This new version of Vegas (no ship date or price at press time) will take full advantage of 64-bit CPUs running 64-bit versions of Vista. This will speed up rendering, allow for more complex productions, enhance CPU performance, improve access to memory, increase editing flexibility, and leverage systems with up to 8TB of RAM. It will be available towards the end of this year or early next year. More details likely to come at IBC this summer (Sony introduced Vegas 7 at IBC last year)."
No they mean terabytes, but they're talking out of their butts. Theoretically, a 64-bit memory space lets you address that much memory but motherboards usually have practical limits set by the memory controller. Common limits are 4, 8, and 16 GB (less memory mapped I/O space, of course).
That magazine is the only place I've seen so far that claims that the 64-bit Vegas is actually Vegas 8 (64-bit edition). But then I haven't been looking.
ok... I'll bite... which DVDA bug are you referring to?? :-)

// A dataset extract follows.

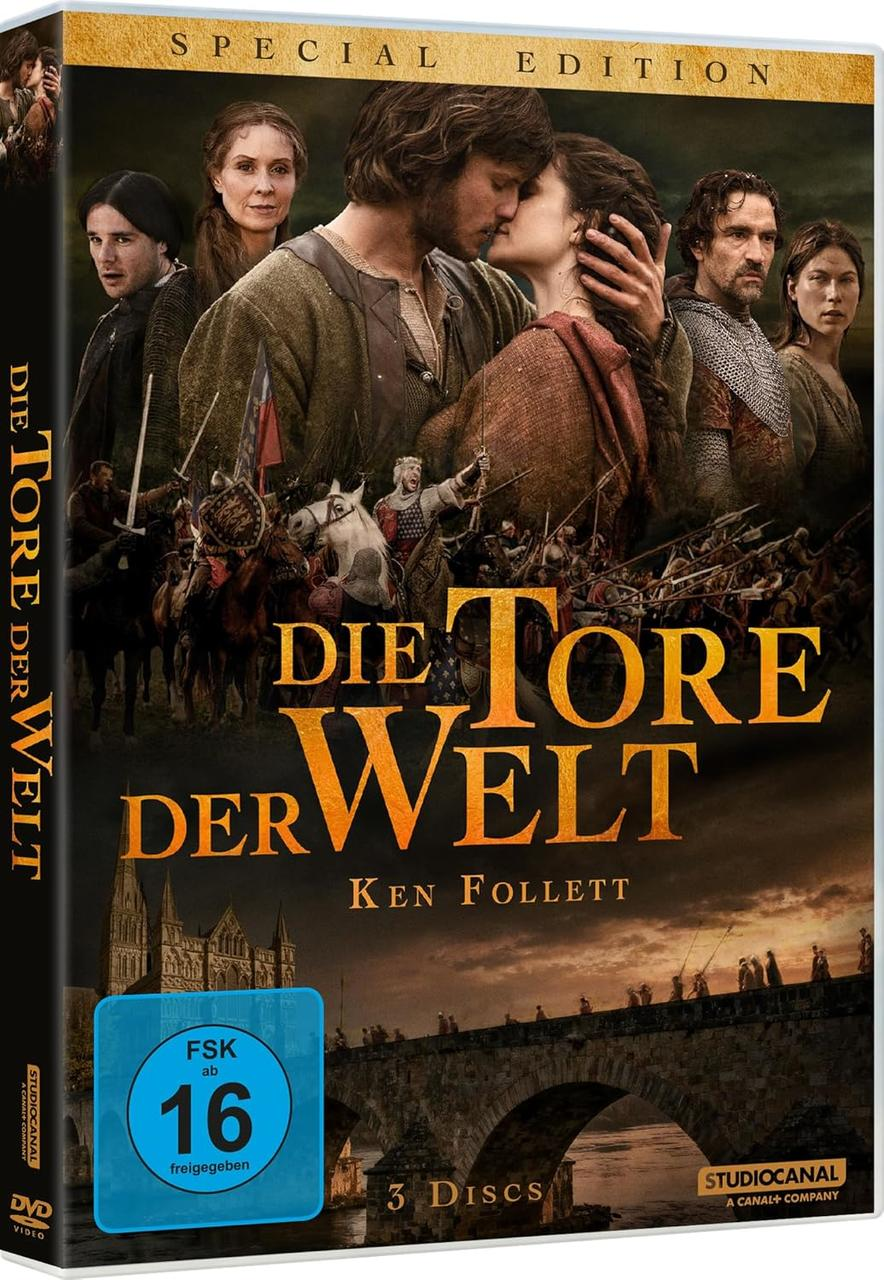 DVD-Cover: Mittelalterliche Schlachtszene, ein Paar küsst sich, Brücke und Burg.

Memory exploitation is a red herring marketing ploy and means absolutely nothing. The only reason you'll need a bunch more memory is if the application requests and needs to hold on to massive additional amounts of memory. Unless the fundamental function and existing code structure of Vegas changes dramatically, the memory working set will not change dramatically. As long as you aren't requiring more memory than is installed, adding more memory (or the ability to have more memory) will make zero difference.

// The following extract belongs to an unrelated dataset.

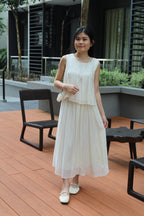 Vertie Bling Flare Two Piece Skirt Set (Cream)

It's kinda like you are working on two sheets of paper on a card table. You could buy an executive size desk and put those two sheets of paper on it. But it won't make a bit of difference in how efficiently you use those two sheets of paper. The only time buying a bigger desk would matter would be if you were trying to work on 30 sheets of paper at the same time on that card table. Vegas isn't typically using more than 1-2GB right now. Won't hurt if in the next release it can theoretically handle 8TB. That simply means you'll be working on the same two sheets of paper, but now you've got them sitting on a football field.
Basically, don't think you're going to get anything great with that advertised feature (assuming it actually is marketed with that feature). And yes.... I'm a software architect with 30 years of experience....

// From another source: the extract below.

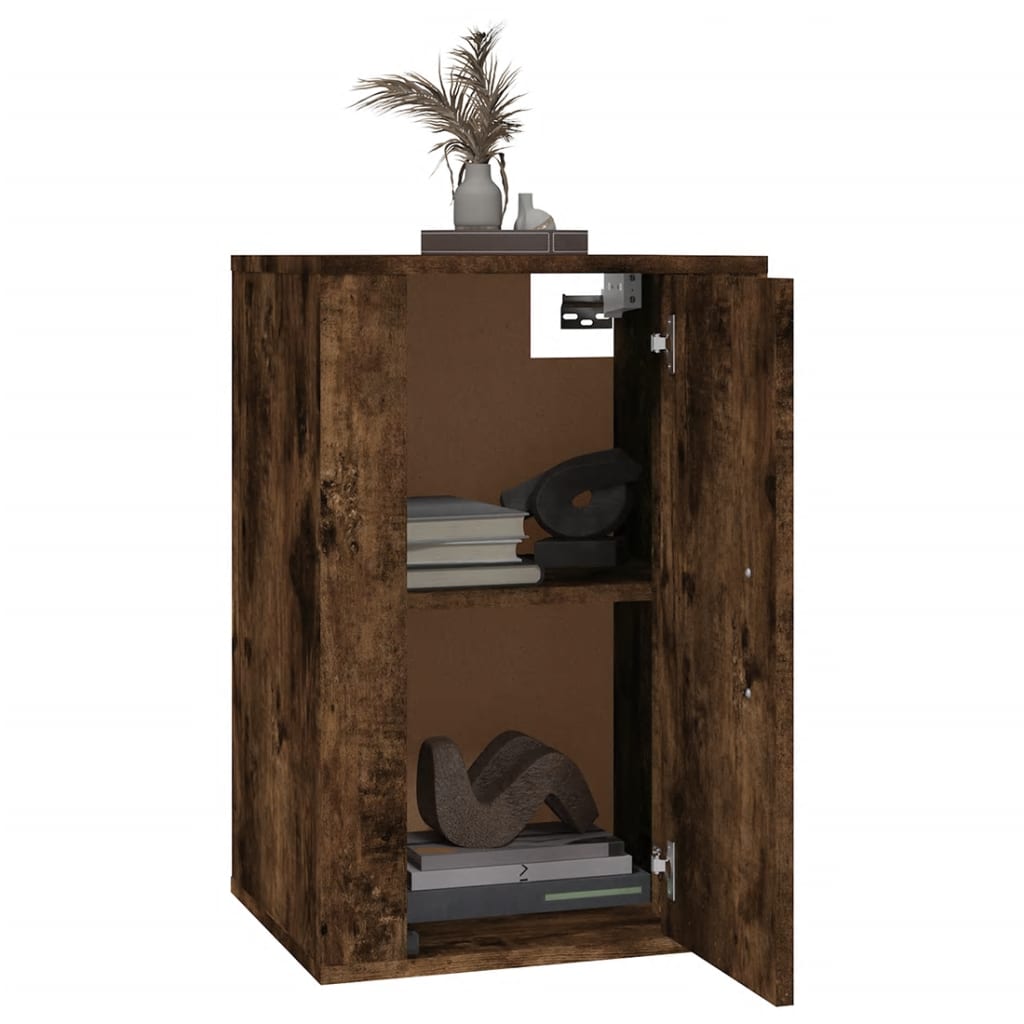 vidaXL Dulapuri TV montaj pe perete 2 buc stejar fumuriu 40x34,5x60 cm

Imagine how fast we could render a movie if the whole thing was already sitting in RAM. And we rendered to RAM. The only limiting factor then would be how fast the CPU could apply the effects. And with four cores or more that could get pretty fast even with HD.
Valid point... but I suspect that would require significant redesign of the render engines in Vegas. Would be great. But I'm choosing not to hold my breath... :-)
Well, going 64-bit makes me assume that they were seeing a need for more memory. This is not to say that Vegas will be exclusively 64-bit. I'd be surprised if they stopped offering a 32-bit version.
We're using PPro here at my office along with Axio cards. On that platform we're desperate to get into a 64-bit system because we're constantly running out of memory.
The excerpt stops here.